Bio-activating ultrafine grain titanium: RNA sequencing reveals enhanced mechano-activation of osteoconduction on nanostructured substrates

Abstract

Titanium is essentially absent from biological systems yet reliably integrates into bone. To achieve osseointegration, titanium must activate biological processes without entering cells, defining it as a bio-activating material. Nanostructuring bulk titanium reduces grain size, increases strength, and improves other quantifiable physical properties, including cytocompatibility. The biological processes activated by increasing grain boundary availability were detected with total RNA-sequencing in mouse pre-osteoblasts grown for 72 hours on nanometrically smooth substrates of either coarse grain or nanostructured ultrafine grain titanium. The average grain boundary length under cells on the conventional coarse grain substrates is 273.0 μm, compared to 70,881.5 μm for cells adhered to the nanostructured ultrafine grain substrates; a 260-fold difference. Cells on both substrates exhibit similar expression profiles for genes whose products are critical for mechanosensation and transduction of cues that trigger osteoconduction. Biological process Gene Ontology term enrichment analysis of differentially expressed genes reveals that cell cycle, chromatin modification, telomere maintenance, and RNA metabolism processes are upregulated on ultrafine grain titanium. Processes related to immune response, including apoptosis, are downregulated. Tumor-suppressor genes are upregulated while tumor-promoting genes are downregulated. Upregulation of genes involved in chromatin remodeling and downregulation of genes under the control of the peripheral circadian clock implicate both processes in the transduction of mechanosensory information. Non-coding RNAs may also play a role in the response. Merging transcriptomics with well-established mechanobiology principles generates a unified model to explain the bio-activating properties of titanium. The modulation of processes is accomplished through chromatin remodeling in which the nucleus responds like a rheostat to grain boundary concentration. This convergence of biological and materials science reveals a pathway toward understanding the biotic-abiotic interface and will inform the development of effective bio-activating and bio-inactivating materials.

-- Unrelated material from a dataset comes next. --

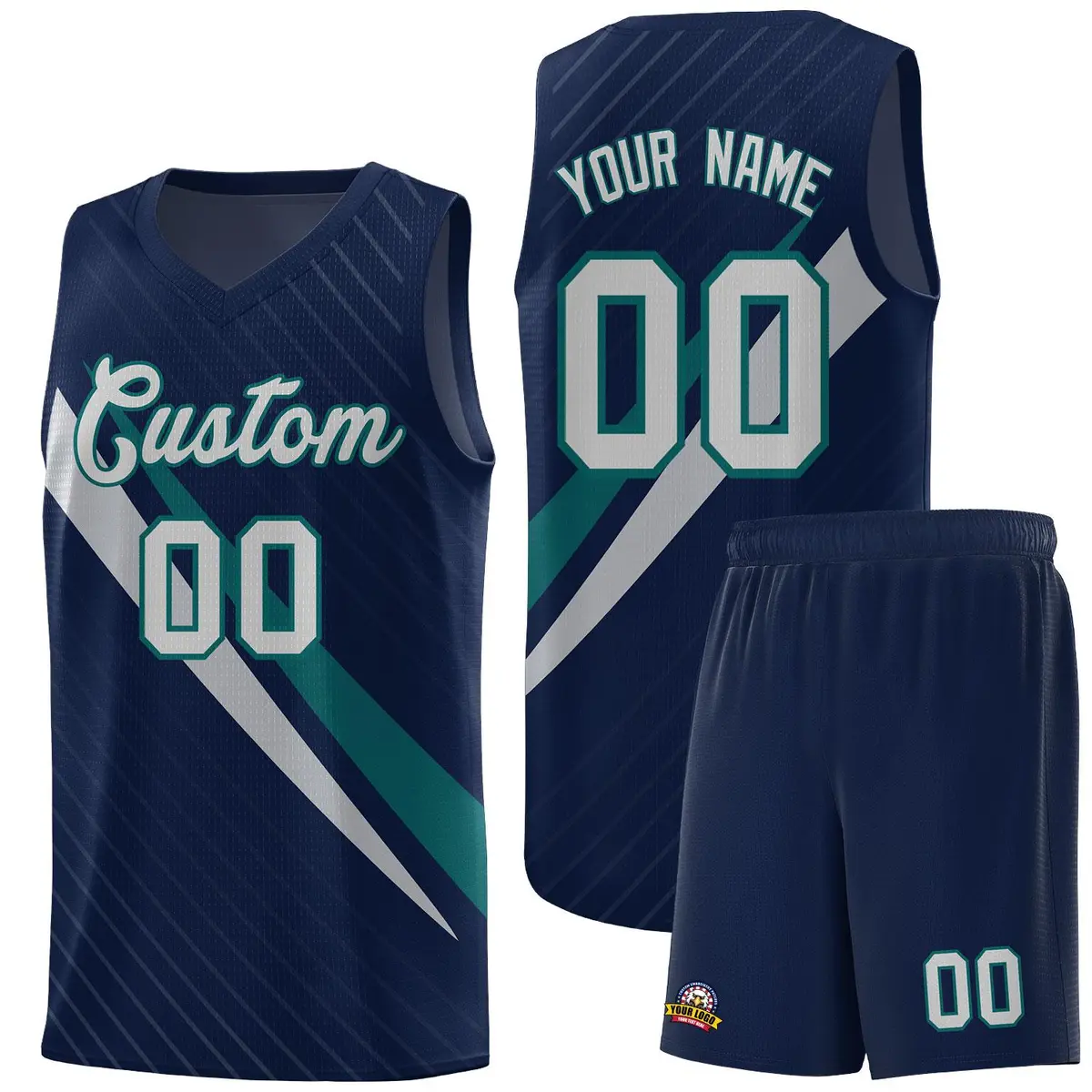 Navy Diagonal Pinstripe Color Block Basketball Jersey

Fig 1. Bioinformatic workflow.

Workflow used to generate network analysis. Kits, software and instrumentation used to generate data for each step are shown in parentheses.

Fig 2. Zipf curve.

Dark grey markers are those with adequate coverage to use in comparative analyses, genes shown in light grey were disregarded. Red font indicates genes used as indicators of cell identity. S1 Fig is the same curve annotated with differentially expressed and those of interest in mechanotransduction and osteogenesis.

Fig 3. qPCR results.

Expression levels of the five genes were normalized using Actb levels, which was not differentially expressed in the dataset. The 2^-ΔΔCt method was used to calculate the differences and included three replicates of each sample. Those with asterisks are included in Fig 4.

Fig 4. Biological process gene ontology terms enrichment and network analysis.

Of the 432 differentially expressed genes with p≤0.05, 117 are retained in this network. Diamond-shaped nodes are GO biological process terms, larger diamonds indicate higher levels of significance, p(adj) value for each GO node is shown. Round nodes are genes, blue nodes are downregulated and red are upregulated. Bolded gene abbreviations in the figure are discussed in the text and full gene names are given in Table 4. S3 Table in S1 File provides this information for all 117 genes.

Fig 5. Mechanosensation and transduction model for bio-activating materials.

5A. This model focuses on a single physical characteristic of Ti, the R_GBL/cell. 5B. First contact involves the extracellular matrix (ECM) domain of integrin α (Itgα) with the substrate, which includes a 5 nm layer of TiO₂. Contact causes the association with an integrin ß chain (Itg ß), setting off a complex cascade of protein activation in the cytoplasm. 5C. Mechanosensation transmits the force through focal adhesions (FA) and other cytoplasmic protein complexes. Eventually, the signal reaches the linker of nucleoskeleton and cytoskeleton (LINC) complex embedded in the nuclear envelope (NE). 5D. Chromatin remodeling response involves the differential condensation and opening of chromatin. 5E. RNA transcripts are processed depending upon their function and, if required, transported out of the nucleus through nuclear pores (NP). 5F. Inside-out signal transduction includes regulation by the RNA interference (RNAi), transport to a ribosome, passage through the ER (endoplasmic reticulum) and Golgi, any post-translational modifications, and transport to the appropriate compartment. 5G. Integration of the Ti into bone requires the modification of collagen molecules in the ECM in concert with the maturation of FAs. 5H. The response of the substrate and subsequent cell are topics requiring additional research. Not shown in this model is the role of primary cilia.